The silence in Chen Lihuan's office was a lie. Shards of his broken tablet glistened coldly on the floor—a silent witness to the storm raging inside him. Li Wei's scream still echoed in the corners of the room, raw and desperate, tearing at Chen Lihuan's carefully built composure. He was a man who controlled everything. Yet now, his world felt like a fragile house of cards collapsing.
He had sent his apology, humble and steady. He had waited. But the only response was cold silence. Every attempt to reach out had hit an unyielding wall of ice. And now that ice had shattered, revealing a chasm of pain so deep it swallowed him whole.
Shame burned bitter in his throat, twisting his Alpha scent into something sour and raw. He wasn't just a CEO who commanded millions—he was a monster he barely recognized. A man whose cruelty had become undeniable truth, spoken by the very person he had failed.
A knock on the door yanked him from his spiral. Wang Jin stepped inside, expression unreadable, holding a single file.

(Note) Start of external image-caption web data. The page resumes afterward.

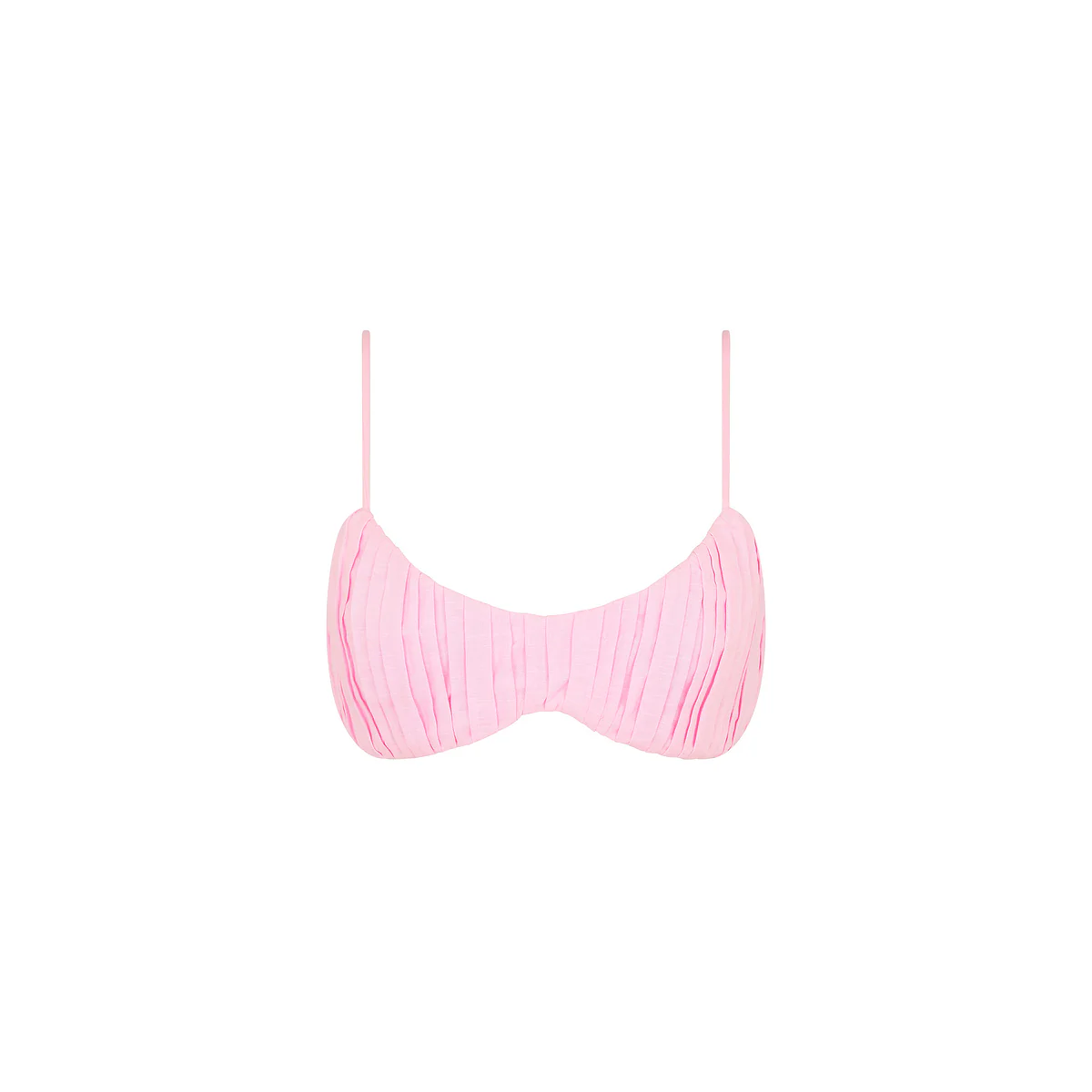 3211-ruched-bralette-top-pocket-pink-1.webp Ruched Bralette Top - Pocket Pink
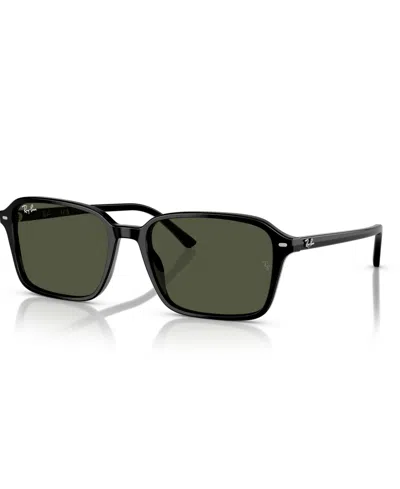 RAY BAN UNISEX ROUND RAIMOND SUNGLASSES, RB2231F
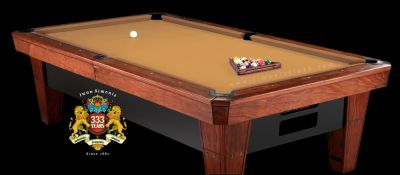 Billiard Cloth for 9-feet Pool Table Simonis 860 Gold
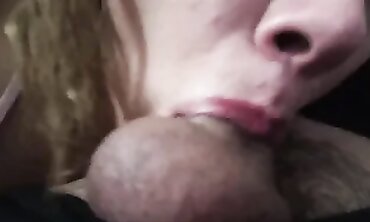 Secret Stepdad Blowjob Ends in a Massive Cum-In-Mouth Creampie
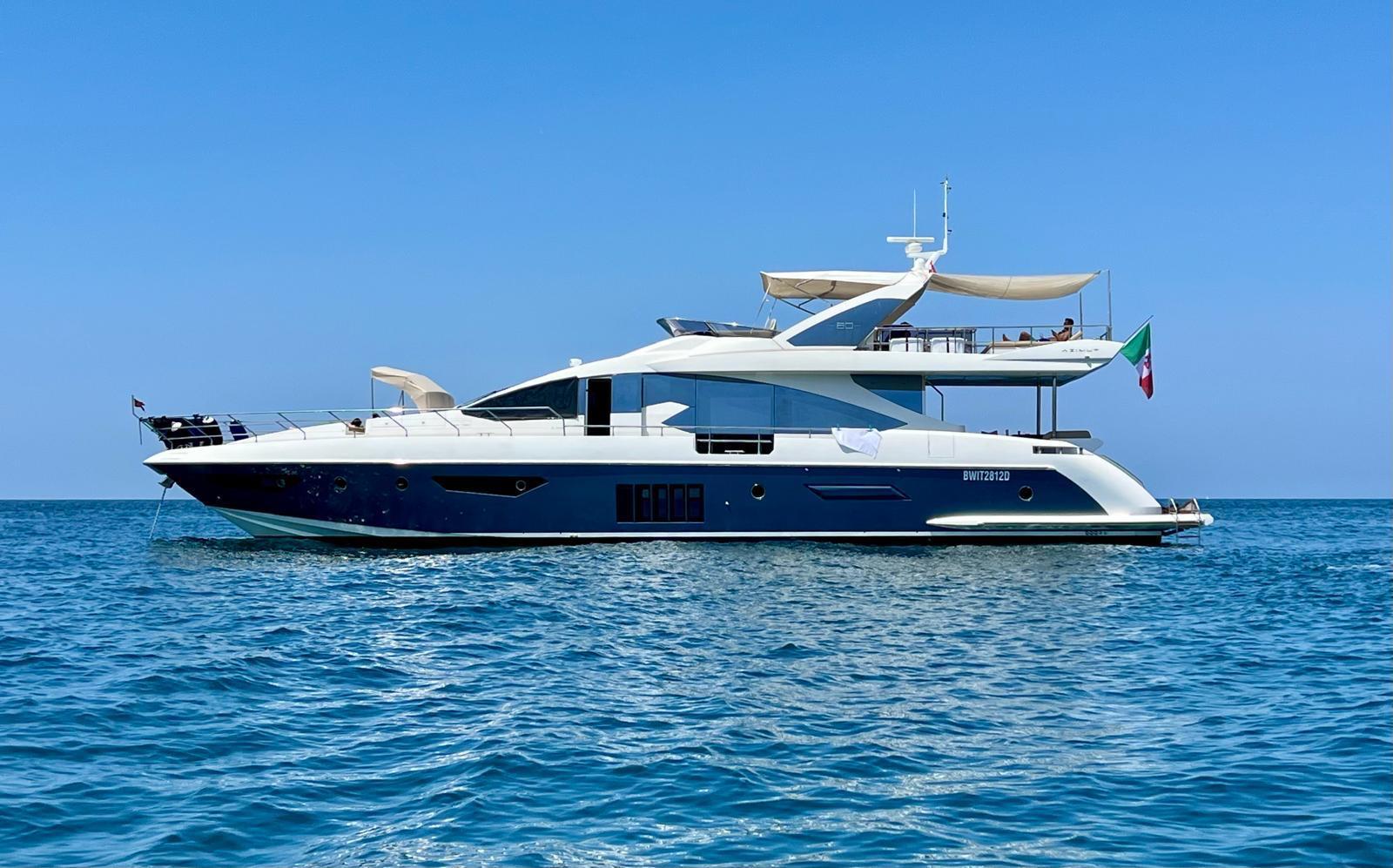 2015 AZIMUT  80' 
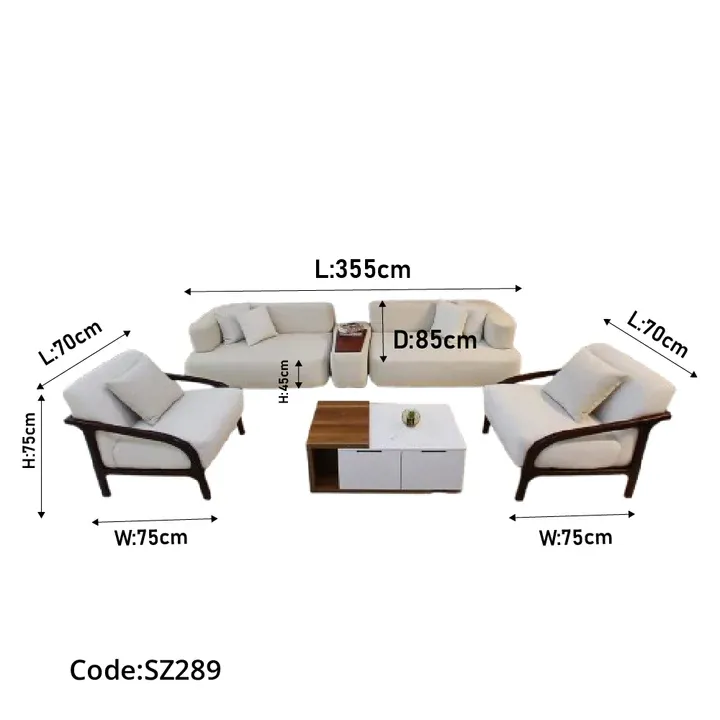 انتريه مودرن اوف وايت- KN289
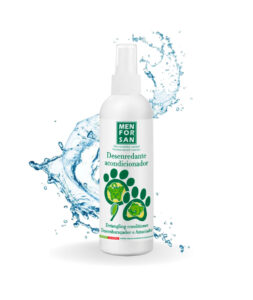 Menforsan Desenredante acondicionador 125 ml · perros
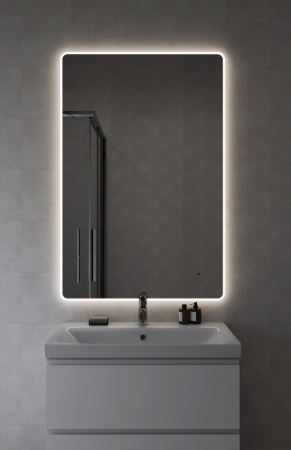 Зеркало Cersanit Eclipse Fusion 80x120, 64815 (с подсветкой)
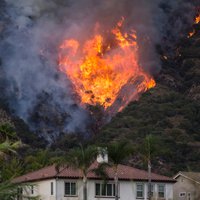 Fire in California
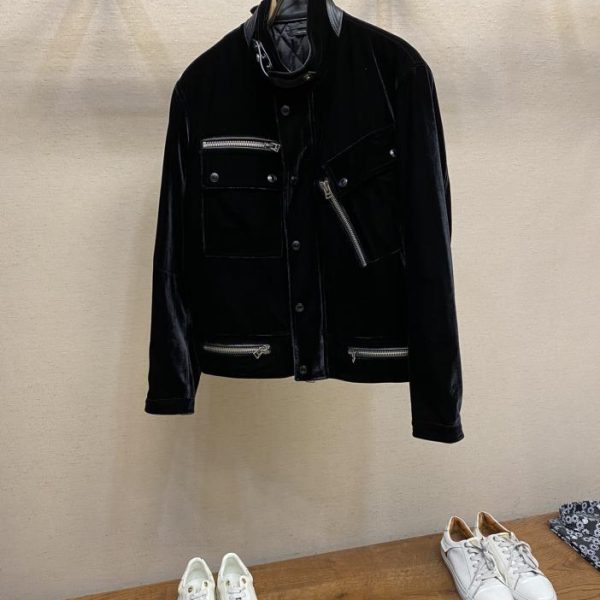 designer,replica,clothing,fake,1:1,lv,luxury,high quality TF 2024 new leather jacket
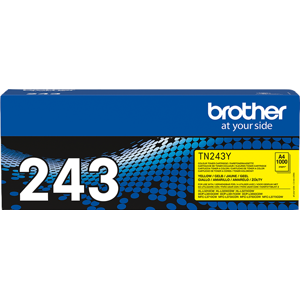 Brother 243 Toner Jaune Original TN 243Y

"The medical history you requested for Li Wei, sir," he said quietly, placing it on the desk like any other report.
Chen Lihuan's hands shook as he reached out. An instinct deep in him screamed to stop—his Alpha instincts warning him not to open this door. But the memory of Li Wei's trembling voice, the haunting words "You let me die alone," burned through his fear. He had to know. He had to face this nightmare.
His eyes flicked over the cold, clinical words. The jargon blurred, but the story beneath was horrifying. A rare autoimmune disease. A relentless decline. Labored breathing. His mind—trained for logic—started piecing it all together.
Li Wei's cough, which Chen Lihuan had written off as a stubborn cold.
His exhaustion, dismissed as overwork.
The faint scent that lingered but was ignored.
This file wasn't just a medical report—it was a ghost story. A chronicle of a life Chen Lihuan had stood beside but never truly held.
A detail caught his eye: a painful treatment for Omegas, one unbearable without the comfort of their mate. Flashes of himself delegating care, absent when he should have been present. He'd given Li Wei his card, his money, but never his time.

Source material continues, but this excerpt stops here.